# Electric force between two parallel plates one of which got a rough surface

So if I have two parallel metal sheets separated by 0.1 meters with air as a dielectric with a breakdown strength of 3MV/m and I'm applying a voltage pulse that goes from 0 to 100kV in few microseconds (so we shouldn't have an arc between the two plates as the electric field is below the breakdown of air) Now assume that one of the plates got a rough surface hence a lot of sharp spikes, so there is an amplification of the electric field by a factor of 10 or even 100x that causes a breakdown to occur between the two plates through the air. How would you find how much force was exerted on the 2nd plate due to the huge electric field? Basically trying to find out if the surface of the 2nd plate would bend.

BTW I don't care about exact numbers, just looking for the general way to think about this problem.
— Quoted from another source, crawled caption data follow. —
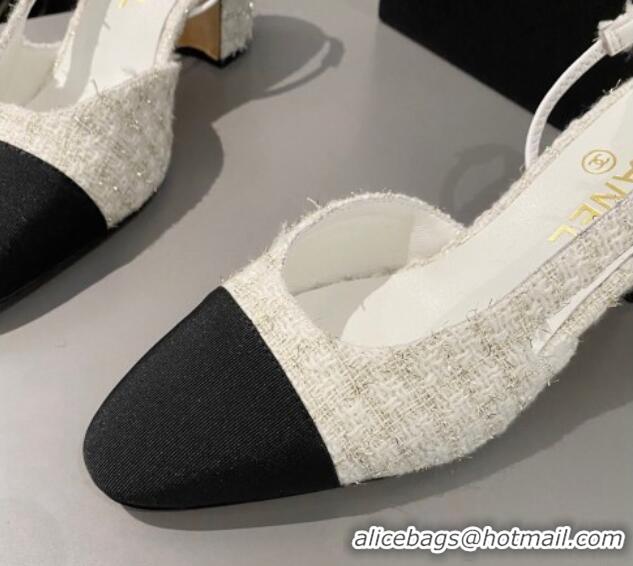 Top Design Chanel Tweed & Grosgrain Slingbacks Pumps 6.5cm G31318 White/Black 423128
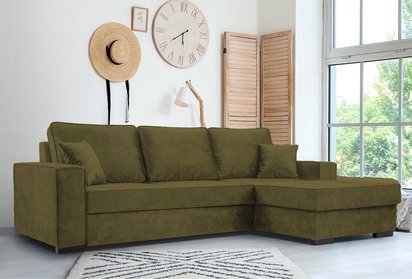 Corner sofa with sleeping function Pazzano L-shaped with container Palladium 10 right-hand side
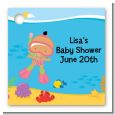 Under the Sea Hispanic Baby Girl Snorkeling - Personalized Baby Shower Card Stock Favor Tags thumbnail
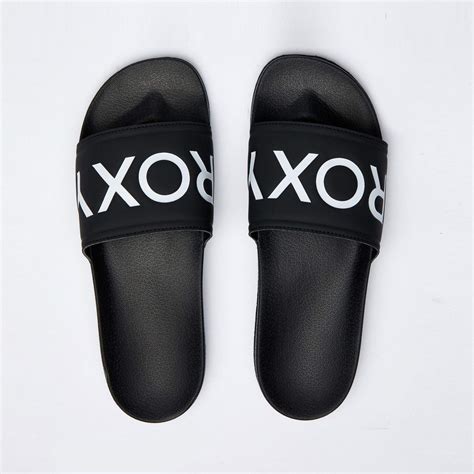 Shop Roxy Slippy Slide Sandals In Black Fg Fast Shipping Easy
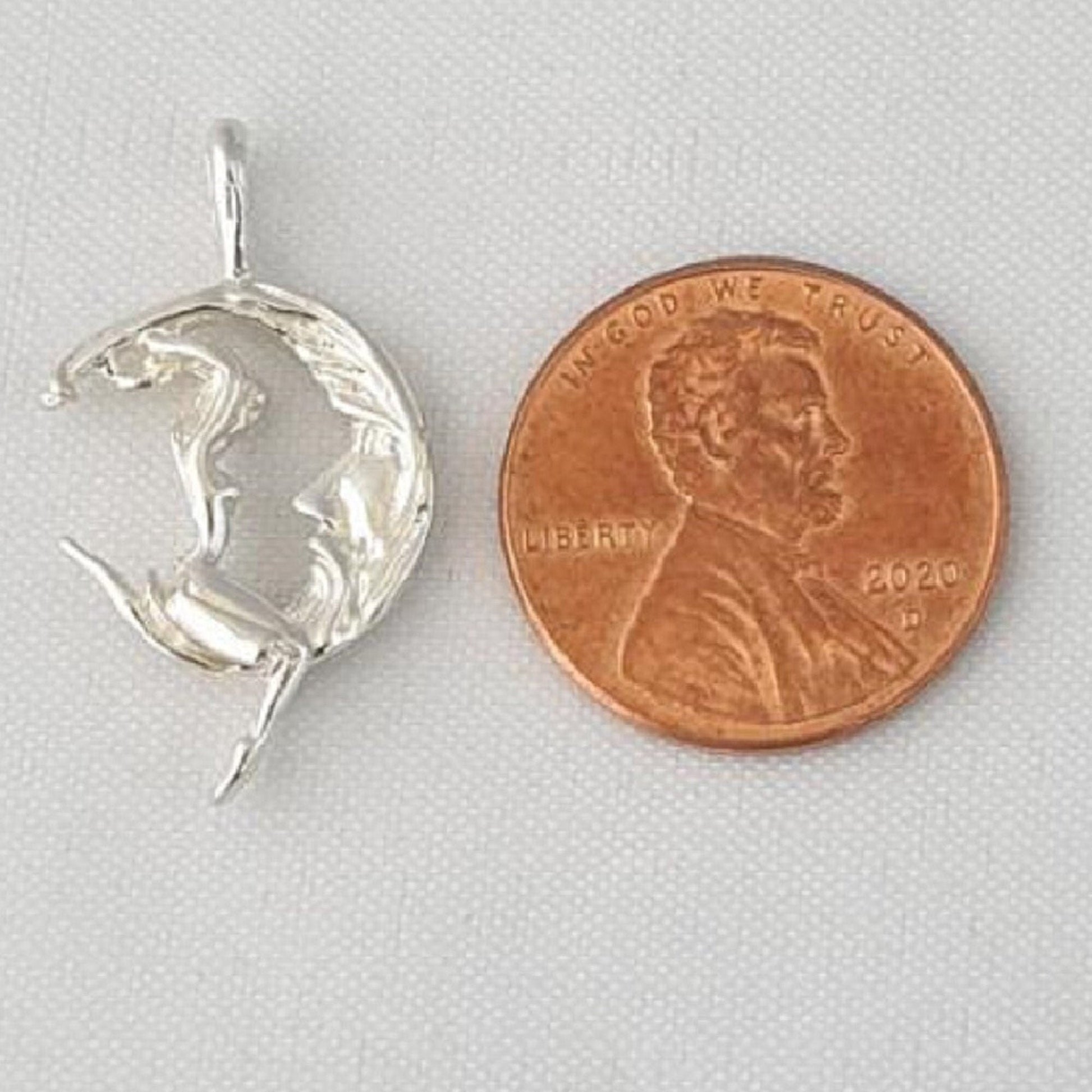 925 Sterling Silver Necklace w/ Moon Rider 3D Pendant Charm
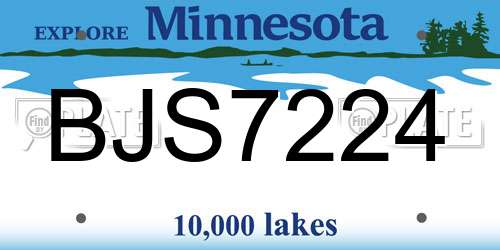 BJS7224 Minnesota License Plate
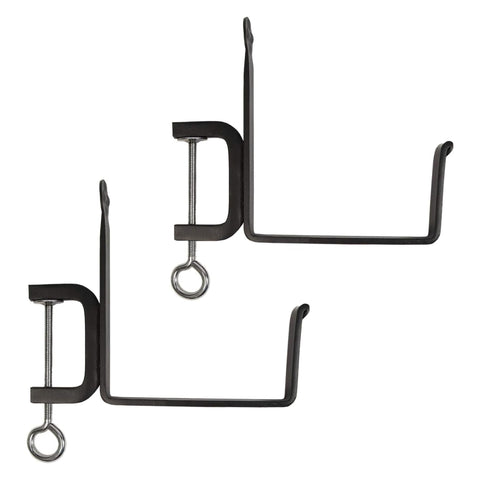 Oakestry Clamp On Flower Box Deck Railing Bracket Black Finish Outdoor Planter Support Balcony Porch Garden Display Hardware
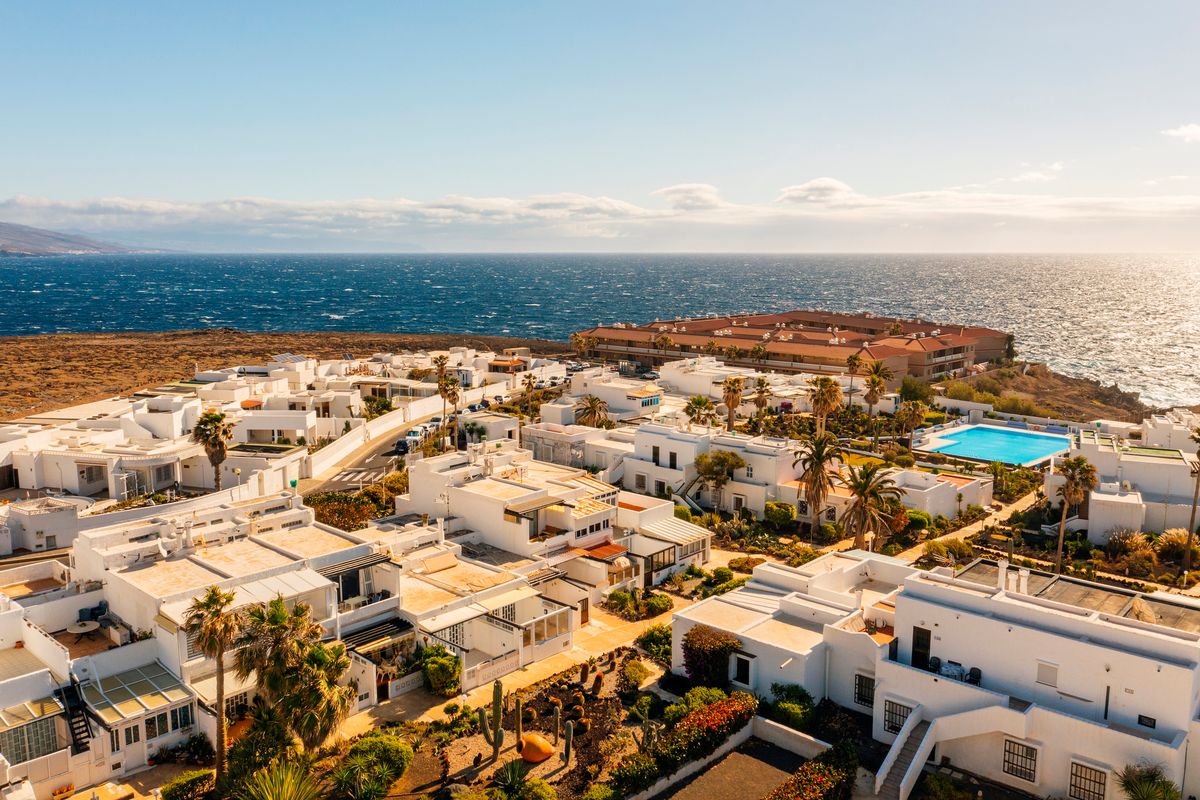 Drone view of a residential district on the Island of Tenerife - stock photo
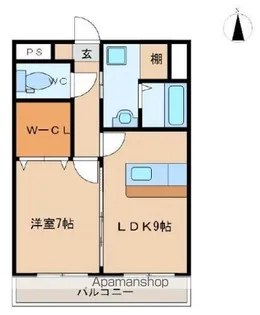 マリベール鶴島【301号室】の間取り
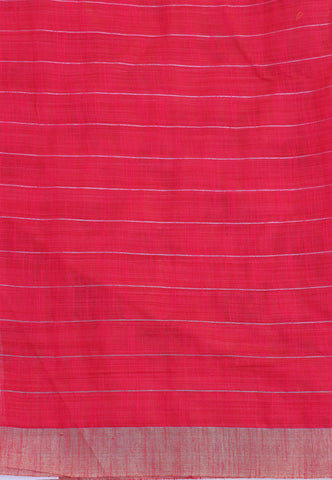 Semi Linen Print With Cream Collur and Border with Red Shade - (SA-303)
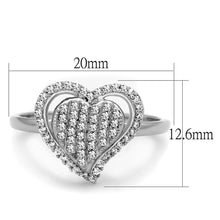 Load image into Gallery viewer, TS192 - Rhodium 925 Sterling Silver Ring with AAA Grade CZ  in Clear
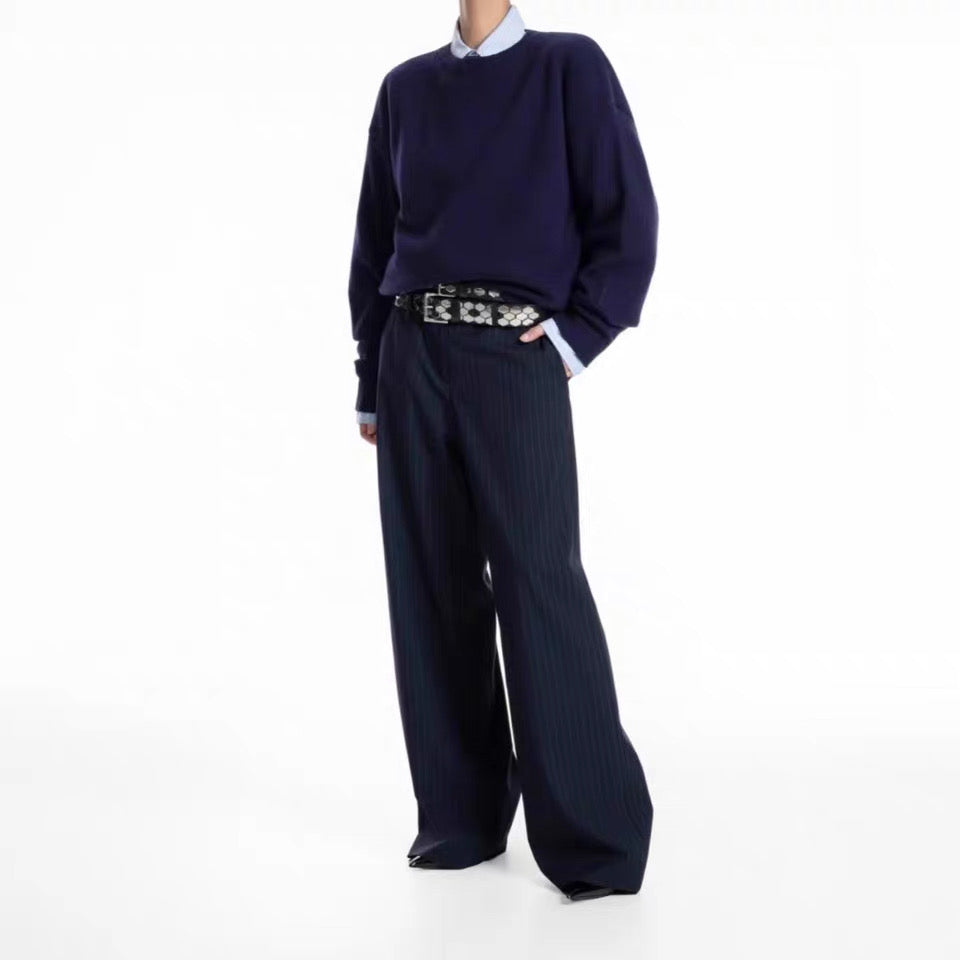 TP22022- 韓國羊絨寬鬆圓領長袖毛衣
I know for a parallel plate capacitor with uniform electric field the force is F = (Permativity * Voltage ^2 * surface area)/(2*distance^2) But this isn't uniform electric field as the spikes on the surface will have much higher fields.

Also is it fair to say that when the electric field got amplified by 10x, the potential difference between this spike and the other ground plane (2nd plate) was also amplified by 10x but it wasn't a sustainable potential difference as the arc/spark connected the two metals together and got rid of this potential difference?